Description The research has advanced understanding of the role of energetic electron precipitation (EEP) in polar middle atmosphere chemistry. EEP increases ionisation leading to increased abundance of odd hydrogen (HOx) and odd nitrogen (NOx) species. NOx and HOx catalytically remove ozone in the stratosphere and mesosphere, thereby changing heating rates, and temperature profiles. EEP thus provides a link between space weather interactions with the upper and middle atmosphere and surface climate. Observations using ground-based millimetre-wave radiometry, and satellite datasets, have been combined to investigate nitric oxide (NO) abundances following geomagnetic storms. The observed distributions indicate significant direct NO production in the Antarctic mesosphere (altitudes 50-90 km) by medium energy electrons with energies in the range ~30 keV to 300 keV. The geographic distributions of NO during wintertime, using satellite observations by the Solar Occultation for Ice Experiment (SOFIE) show that horizontal winds in the mesosphere rapidly redistribute NO away from the geomagnetic latitudes where NOx production is greatest. Comparison with model simulations including more detailed D-region chemistry show that major uncertainties remain in adequately characterising precipitating electron fluxes and the vertical transport of auroral NO from the lower thermosphere (>90 km) into the polar mesosphere.

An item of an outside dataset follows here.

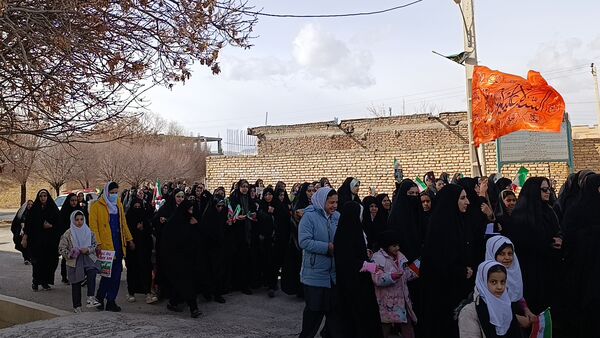 حضور گسترده مردم سفیددشت در راهپیمایی ۲۲ بهمن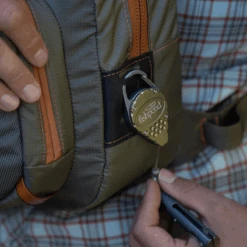 Fishpond Cross-Current Chest Pack -Professional Fishing Equipment Store 1022592 800 auto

Exploitation Route The outcomes are adding to the body of observational evidence that EEP processes needs to be adequately represented in atmospheric and climate models. In addition these processes, that affect upper atmosphere temperatures and density, need to be included in space situational awareness models to improve predictions of the orbits of the rapidly growing number of objects - space vehicles, satellites, and space debris - in low Earth orbit.
Sectors Environment

 
Description The observational data produced by this project are being shared with scientific colleagues to inform their development of atmospheric models, the aim being to accurately represent the chemical and dynamical impacts of space weather and energetic electron precipitation into the polar middle and upper atmosphere following geomagnetic storms.
First Year Of Impact 2015
Sector Environment
Impact Types Policy & public services

 
Title Atmospheric observational and model datasets: Spatial distributions of nitric oxide (NO) in the winter time, high latitude Southern hemisphere atmosphere 
Description The data are from a study investigating nitric oxide (NO) variability in the polar mesosphere and lower thermosphere during geomagnetic storms, and the role of energetic electron precipitation in NO production. The datasets include 1) processed atmospheric datasets derived from selected NO observations by the AIM-SOFIE satellite instrument, 2) estimated electron and proton fluxes derived from POES/MEPED/SEM-2 measurements, 3) zonal and meridional wind speeds calculated using the Horizontal Wind Model (HWM14), and 4) geomagnetic indices, solar wind speed, and solar proton event (SPE) data. Funding was provided by the NERC grants NE/J022187/1 and NE/R016038/1, and the New Zealand Marsden Fund. 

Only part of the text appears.